The millions of stars and galaxies twinkling over the Rupununi Savanna in Guyana seem to reluctantly fade into a gradually lightening sky as the eastern horizon reddens. The Pakaraima mountains slowly materialize from the darkness, silently encircling the flatness of the savanna. This places feels almost as if herds of zebra and giraffe are just out of view. But we are on the lookout for one of Guyana’s famed giants, the Giant Anteater – which uncharacteristically never showed. Nevertheless, I had heard many stories of people falling in love with Guyana’s interior, and I was beginning to understand why.

A handheld photo of the sky as we were leaving our lodge. Very grainy, but most of those grains are stars!

While still in the pre-dawn, we paused at a junction to stretch our legs a bit. We were on the road to the village of Karasabai, the other road went on directly to Brazil. To our backs, the sky was getting marginally brighter. I was surprised at how gently the sun rose. Some movement in the grasses almost to our feet pulled me out of gazing and back into birding mode. These tiny birds were barely distinguishable from the ground – but they were certainly birds. Grassland Sparrow, Leon says excitedly.

Grassland Sparrow

In the distance, the first of many Crested Caracaras sailed across the parched landscape. We continued on as once light began to fill the spaces, we began to perceive more and more avian activity. We hadn’t been moving for more than a minute before we came upon a Lesser Yellow-headed Vulture perched in a roadside tree. Savanna Hawks and Crested Caracaras topped almost every fencepost and shrub as we hurtled toward a field with around thirty large, white birds.

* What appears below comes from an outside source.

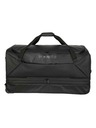 Travelite Ταξιδιωτική τσάντα Travelite Basics Wheeled duffle επέκτασης Μαύρη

Lesser Yellow-headed Vulture

Believe me, this is a Savanna Hawk. I tried waiting for the sun to rise a little more, but by the time it did, it was far too bright to point a long lens at.

It may surprise some that one of my targets when visiting the Rupupuni was photographing a Fork-tailed Flycatcher. After all, they are annual visitors to my native Trinidad and Tobago. Well, the Latin name of the species is Tyrannus savana and what better savanna to photograph it in than the Rupununi?

Fork-tailed Flycatcher

Trees near and far had to be examined carefully, this distant perch featured a comfortable White-tailed Kite.

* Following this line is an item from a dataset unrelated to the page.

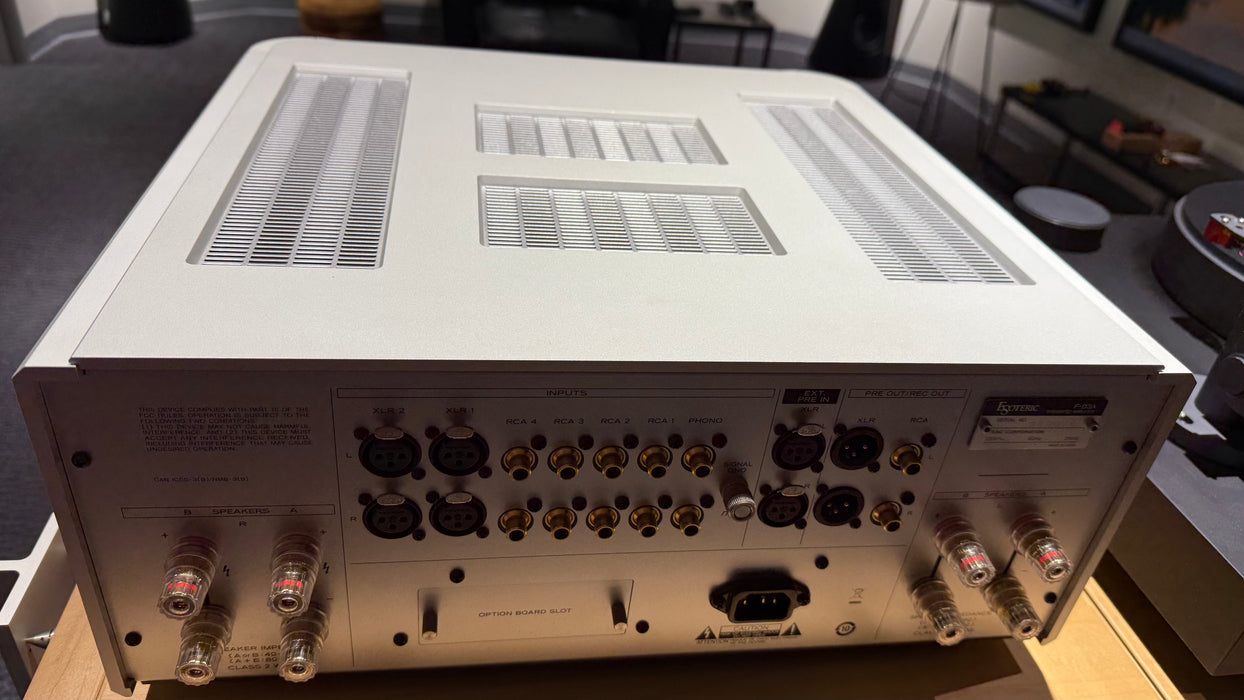 Esoteric F-03A Integrated Amplifier [Previously Owned]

After much distraction, we finally arrived at the field with all the activity that I mentioned earlier. The large white birds were mostly Jabiru with some Maguari Storks in the mix. Closer looks revealed large numbers of White-faced Whistling Ducks as well as a few American Golden-Plovers. Mounds of dirt that eventually started moving turned out to have bright yellow eyes when viewed through binoculars – Double-striped Thick-knees.

Jabiru

Maguari Stork

Double-striped Thick-knee

I spent considerable time getting lost photographing these species in this otherworldly landscape as the dawn progressed. Too much time, perhaps, as I was ultimately urged back into the vehicle to continue our journey into Karasabai. By now, the sun began to warm the skin considerably, and I understood the urgency to arrive at our destination.

It was impossible to not stop when we saw this absolutely gorgeous Aplomado Falcon along the road.